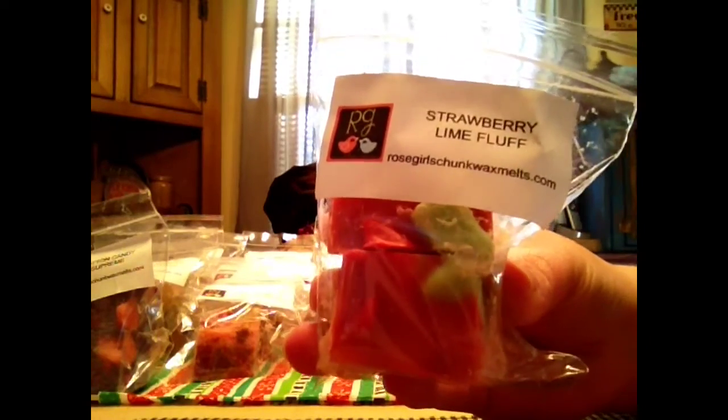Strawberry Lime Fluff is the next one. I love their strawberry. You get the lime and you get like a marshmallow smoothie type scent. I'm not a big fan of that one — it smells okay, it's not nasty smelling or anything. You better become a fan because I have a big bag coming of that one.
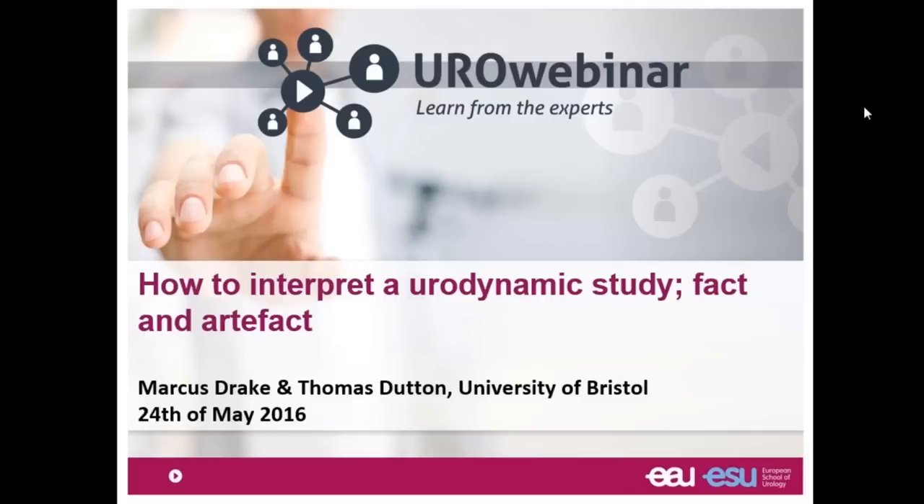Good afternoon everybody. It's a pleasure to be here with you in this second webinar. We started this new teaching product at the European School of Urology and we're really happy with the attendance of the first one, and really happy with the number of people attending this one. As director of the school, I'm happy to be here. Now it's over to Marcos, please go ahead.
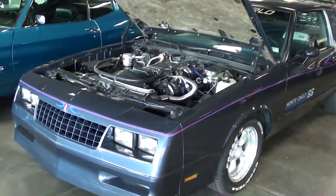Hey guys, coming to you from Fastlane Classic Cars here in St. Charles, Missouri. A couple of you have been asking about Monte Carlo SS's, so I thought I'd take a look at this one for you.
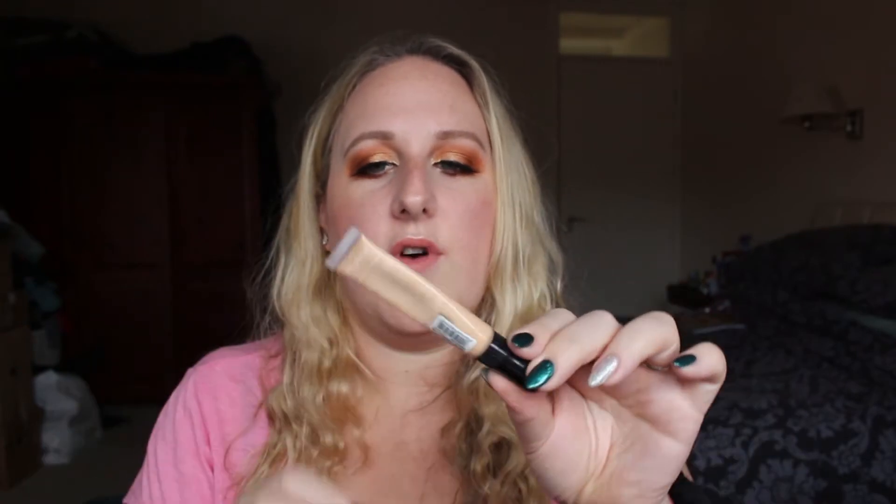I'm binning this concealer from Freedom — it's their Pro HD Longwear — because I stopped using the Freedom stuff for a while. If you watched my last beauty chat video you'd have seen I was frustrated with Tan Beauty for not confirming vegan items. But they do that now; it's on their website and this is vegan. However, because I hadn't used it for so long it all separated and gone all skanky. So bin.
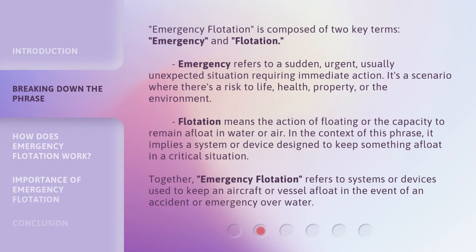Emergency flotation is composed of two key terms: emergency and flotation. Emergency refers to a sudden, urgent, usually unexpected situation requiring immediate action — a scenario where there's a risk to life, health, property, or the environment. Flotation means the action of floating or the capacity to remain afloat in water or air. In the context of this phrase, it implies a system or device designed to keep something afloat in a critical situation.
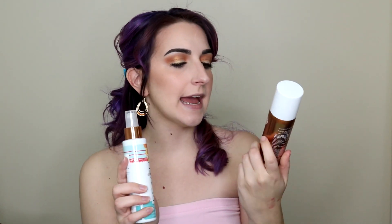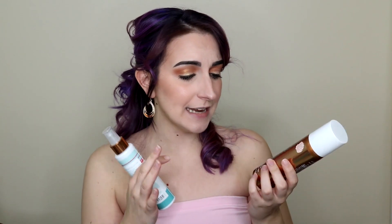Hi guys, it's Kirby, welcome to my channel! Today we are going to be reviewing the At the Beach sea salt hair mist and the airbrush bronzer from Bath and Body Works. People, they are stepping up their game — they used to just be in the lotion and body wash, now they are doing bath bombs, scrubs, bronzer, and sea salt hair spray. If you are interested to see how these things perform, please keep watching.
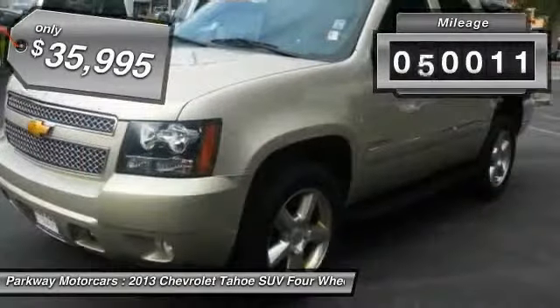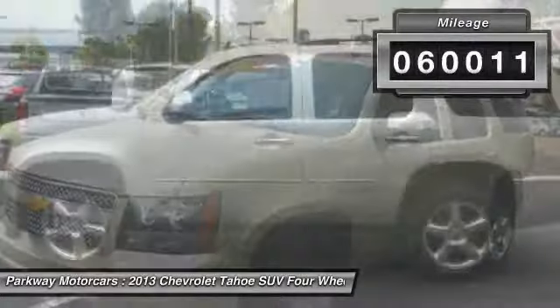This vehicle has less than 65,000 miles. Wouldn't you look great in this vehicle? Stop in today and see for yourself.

---

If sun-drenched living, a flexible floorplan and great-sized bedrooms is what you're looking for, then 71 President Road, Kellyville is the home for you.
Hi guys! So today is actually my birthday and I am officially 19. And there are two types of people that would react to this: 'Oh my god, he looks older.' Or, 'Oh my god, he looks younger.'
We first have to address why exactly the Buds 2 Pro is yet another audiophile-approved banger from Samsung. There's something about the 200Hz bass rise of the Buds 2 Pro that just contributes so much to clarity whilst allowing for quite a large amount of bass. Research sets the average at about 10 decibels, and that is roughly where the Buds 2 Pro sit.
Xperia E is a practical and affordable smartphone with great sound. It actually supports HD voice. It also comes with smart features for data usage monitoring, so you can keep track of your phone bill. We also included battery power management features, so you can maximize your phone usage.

■ **What you will do**
Reproduce the listing above from the line that holds "Good afternoon everybody." through the line that holds "Hey guys, coming", both included, with the pictures left out.

■ **Answer area**
Good afternoon everybody. It's a pleasure to be here with you in this second webinar. We started this new teaching product at the European School of Urology and we're really happy with the attendance of the first one, and really happy with the number of people attending this one. As director of the school, I'm happy to be here. Now it's over to Marcos, please go ahead.
Hey guys, coming to you from Fastlane Classic Cars here in St. Charles, Missouri. A couple of you have been asking about Monte Carlo SS's, so I thought I'd take a look at this one for you.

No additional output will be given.